There is a real outbound failure path in the heartbeat runner:

  • src/infra/heartbeat-runner.ts:1194-1242
    • The reply is generated first.
    • Outbound delivery happens later via deliverOutboundPayloads(...).
    • Failure there returns { status: "failed" }.

However, for the same system event queue entry, this alone is not sufficient to explain the duplicate user turns:

  • src/auto-reply/reply/session-system-events.ts:86-90
    • The system event queue is already drained before outbound delivery.

So a channel send retry by itself would not recreate the exact same queued event. It could explain missing/failed external delivery, but not by itself a second identical session user message.

Secondary, lower-confidence possibility

There is a full-run retry loop in the agent runner:

  • src/auto-reply/reply/agent-runner-execution.ts:741-1473
    • Certain transient failures can retry the whole run and resubmit the same commandBody.

That can duplicate a persisted user prompt within the same reply execution if the prompt was already appended before the retry condition triggered.

I rank this lower than duplicate exec.finished ingestion because:

  • the observed gap was around 51 seconds, which looks more like a second wake/turn than an in-process retry;
  • the report already mentions repeated message send failures, which points more toward a separate later turn than an immediate model/runtime retry.

Root Cause Hypothesis

Highest-confidence hypothesis:

  • The keen-nexus completion came through the node exec event path.
  • The same exec.finished was delivered to server-node-events twice.
  • Gateway accepted both because enqueueSystemEvent(...) does not dedupe by contextKey / runId.
  • Each accepted event triggered a heartbeat and was injected as a user turn into the PI transcript.

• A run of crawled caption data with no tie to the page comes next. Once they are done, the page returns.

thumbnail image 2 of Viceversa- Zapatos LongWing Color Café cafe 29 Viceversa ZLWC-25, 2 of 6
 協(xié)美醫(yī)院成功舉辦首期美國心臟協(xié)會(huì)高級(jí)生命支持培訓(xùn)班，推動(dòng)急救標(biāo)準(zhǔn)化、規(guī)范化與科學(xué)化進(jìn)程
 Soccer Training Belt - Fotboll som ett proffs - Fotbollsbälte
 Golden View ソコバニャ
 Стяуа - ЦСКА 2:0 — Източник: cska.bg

Proposed Tiny Surgical Fix

If a fix is wanted, the smallest high-value change is:

  • make exec/system-event idempotency honor contextKey for a short horizon, at least for exact (sessionKey, contextKey, text) repeats;
  • or add a dedicated dedupe in server-node-events for exec.finished keyed by (sessionKey, runId, event kind).

That would directly block replayed exec.finished duplicates before they become session turns.